The great southern historian C. Vann Woodward famously discussed the “burden of history” in 1955, around the time Erwin was moving his family to southern California for a new phase of his business career.  Let me assure you that the high-level people that Erwin assembled to launch the Charles Babbage Institute worked a powerful burden of history on me!  How else could you respond when considering that such academic and industry luminaries as Alfred Chandler, Joshua Lederberg, Arthur Humphreys, Walter Bauer and many others had helped design and launch CBI.  How in the world, I thought, could we ever hope to match their ambitions and expectations?

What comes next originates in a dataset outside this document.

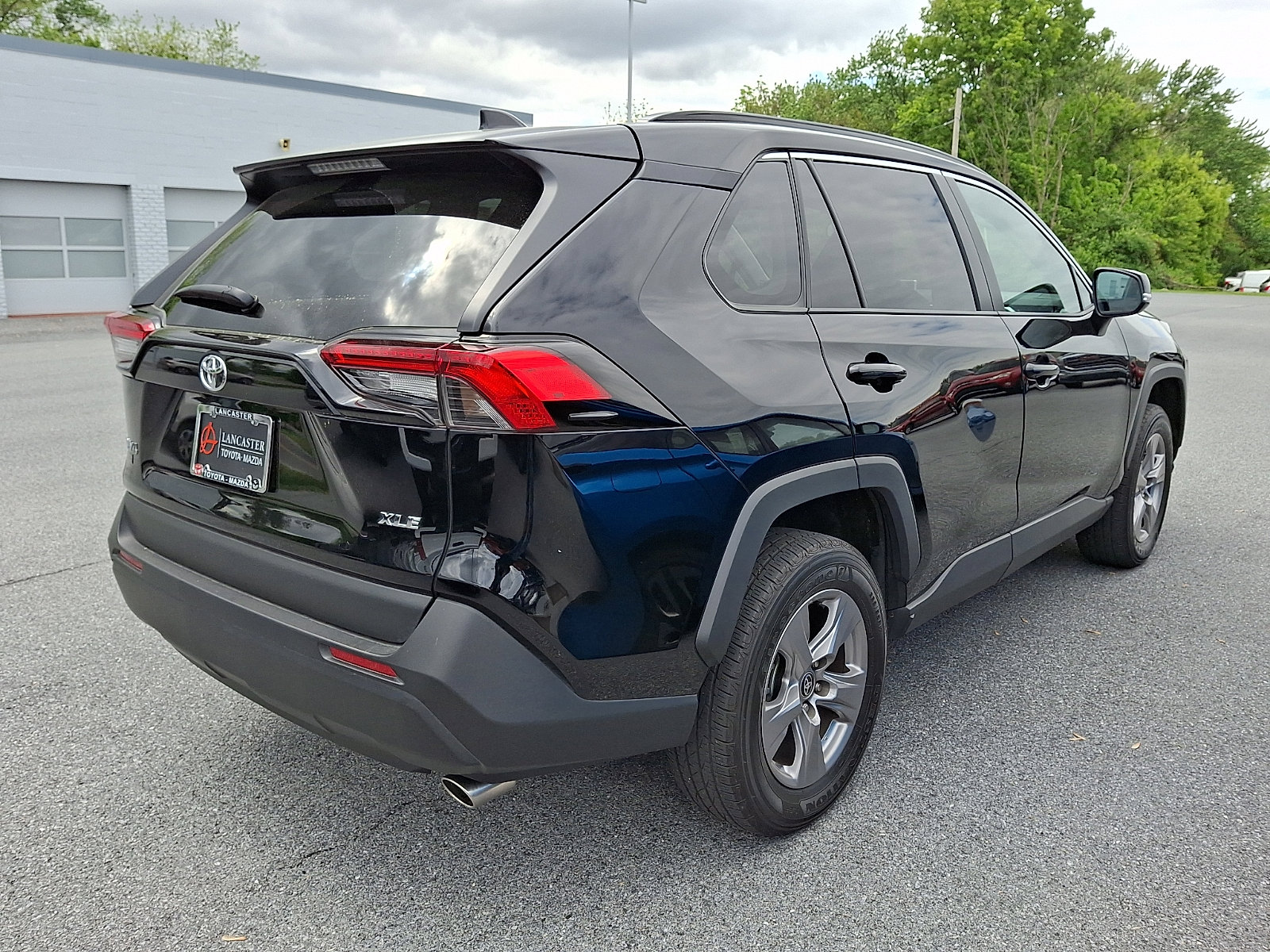 Certified 2023 Toyota RAV4 XLE w/ Convenience Package FWD image 4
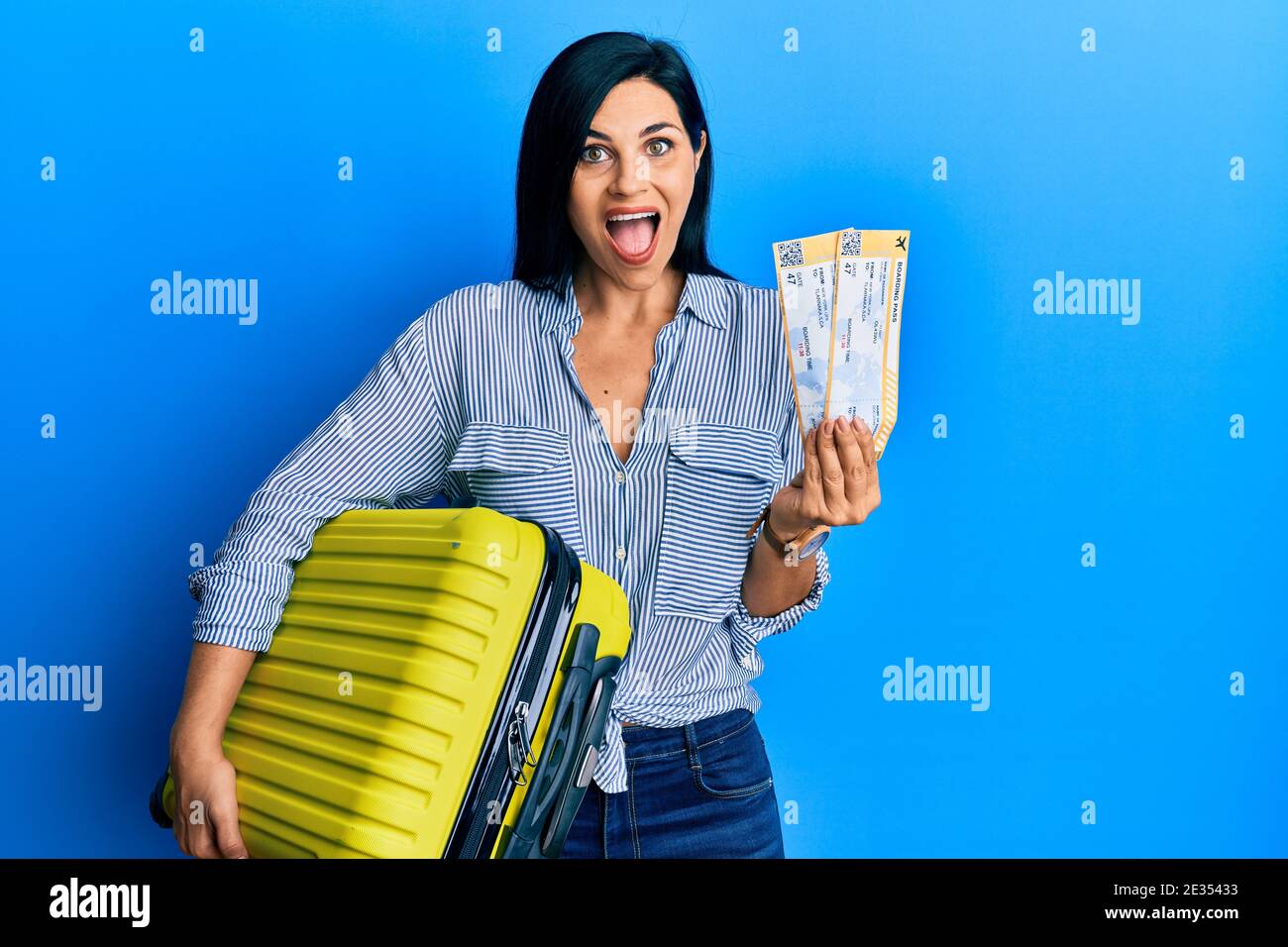 Una joven caucásica con maletas de cabina y entradas de embarque para  celebrar locos y asombrados por el éxito con los ojos abiertos gritando  emocionados Fotografía de stock - Alamy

Yet in looking back on CBI’s more than three decades, there is quite a handsome record of achievement.  As I write each year to our CBI Friends, thanks to their support the “core activities” at CBI are financially healthy and able to create a base for securing externally funded projects.  Recently we’ve had grants from the National Science Foundation, the Association for Computing Machinery, and others.  We have the world’s largest collection of publicly accessible archival material on all aspects of computer history, as Jeffrey Yost has been documenting in his newsletter series “Exploring the Archives” and as CBI archivist Arvid Nelsen is impressively adding to this moment (we have two wonderful new collections that need just a bit of finalizing before we can announce them). 

We also have an unsurpassed collection of research-grade oral histories with people across the computing field.  With the interviews that we conducted for our NSF-funded project on the FastLane computer system, our total now exceeds 700 oral history interviews.  Thirty more interviews will come from our on-going NSF-funded history of computer security.  And we have been actively publishing cutting-edge scholarship: to date CBI staff have published 19 books and a very impressive collection of articles and book chapters.  CBI’s own Jeffrey Yost served two terms as Editor-in-Chief of IEEE Annals of the History of Computing, our field’s leading scholarly journal.  This spring Jeff and I are writing seven chapters for what will be book #20.

Yes—actually—we have done remarkably well over three decades.  The Charles Babbage Institute, like the field of computer history, is growing, changing, expanding—flourishing.  Everyone who has been involved in this remarkable enterprise can be proud of these achievements.  I sincerely hope that we have met and indeed exceeded Erwin’s hopes and dreams for computer history.  If you’d like to become involved with the enterprise yourself—by joining the CBI Friends—drop me a line.  Our job is making computer history!